** WHAT YOU SHOULD DO **
Your answer should give again, exactly, the lines from the beginning of the entries below through the line containing "Hello everyone, it's". It must contain no pictures.

** RECORDS FOR THE TASK **
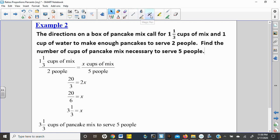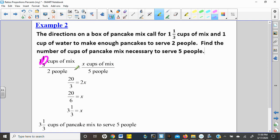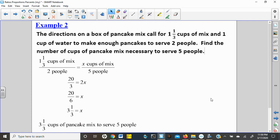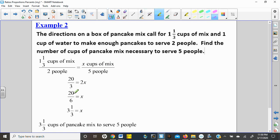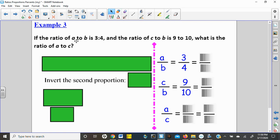They set up a proportion and skipped converting to four-thirds before cross multiplying. Remember, this is the type of question you'd likely see on the non-calculator section of the PSAT — test three is non-calculator, test four is calculator. You'll need to handle fractions by hand. The final answer is ten-thirds, or twenty-sixths, or three and one-third cups of pancake mix.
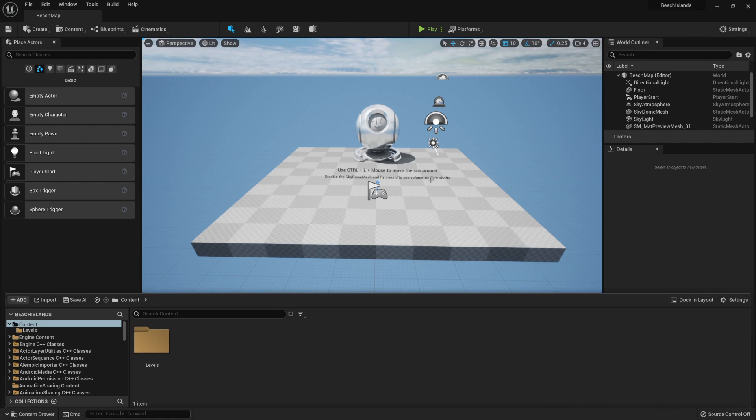Hello everyone, it's Luke here from 3DTutor and in this tutorial I will show you how to create beach islands within Unreal Engine 5.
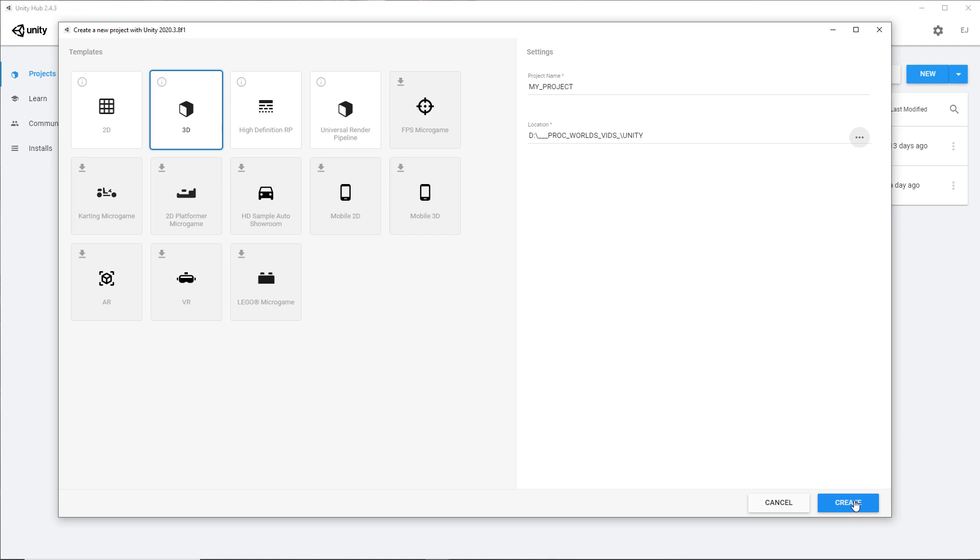In the next videos, we'll do a complete walkthrough of the standard pipeline, the universal pipeline, and the HD pipeline, and set up Gaia Pro and do a walkthrough and create a terrain.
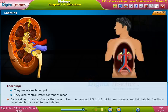Each kidney consists of more than 1 million — that is, around 1.3 to 1.8 million — microscopic and thin tubular functional units called nephrons, or uriniferous tubules.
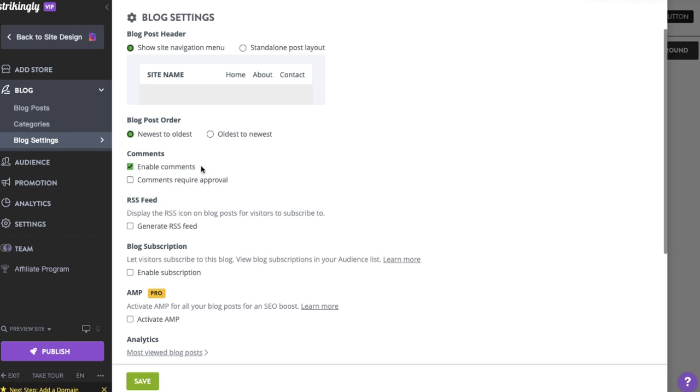You also have an option to require approval before comments are posted. Hit Save.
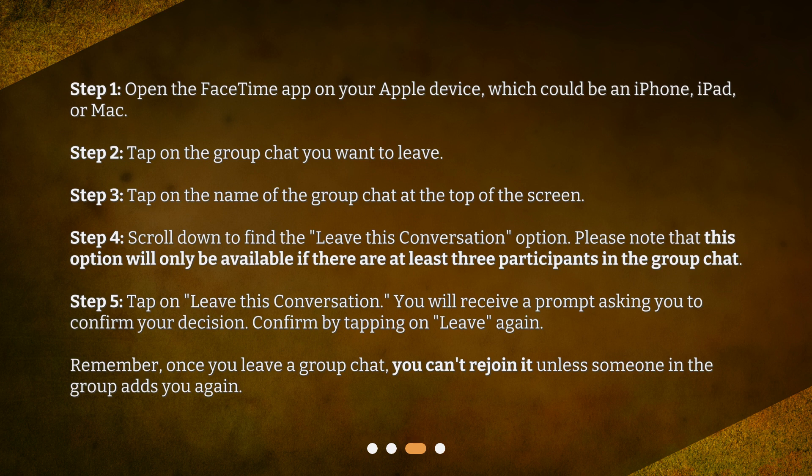Remember, once you leave a group chat, you can't rejoin it unless someone in the group adds you again.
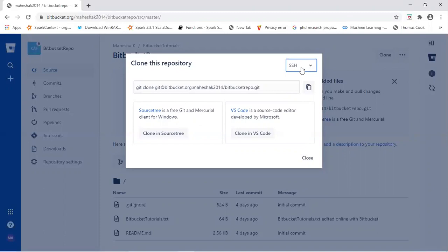So how this has to be done? I will be explaining this with step-by-step process. So SSH key authentication is more secure than HTTP.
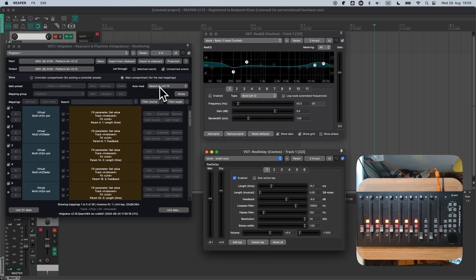All the things that you have set up here in the Monitoring FX chain will persist across Reaper Restarts. That means, the next time you fire up Reaper, you are all set. No need to open the Monitoring FX chain anymore. ReLearn will just do its work in the background. It will automatically discover any ReEQ or Redelay that's in focus. Thank you for watching, and let's see what I come up with for the next tutorial.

** SOLUTION FOR THIS PROBLEM **
They set up a proportion and skipped converting to four-thirds before cross multiplying. Remember, this is the type of question you'd likely see on the non-calculator section of the PSAT — test three is non-calculator, test four is calculator. You'll need to handle fractions by hand. The final answer is ten-thirds, or twenty-sixths, or three and one-third cups of pancake mix.
Hello everyone, it's Luke here from 3DTutor and in this tutorial I will show you how to create beach islands within Unreal Engine 5.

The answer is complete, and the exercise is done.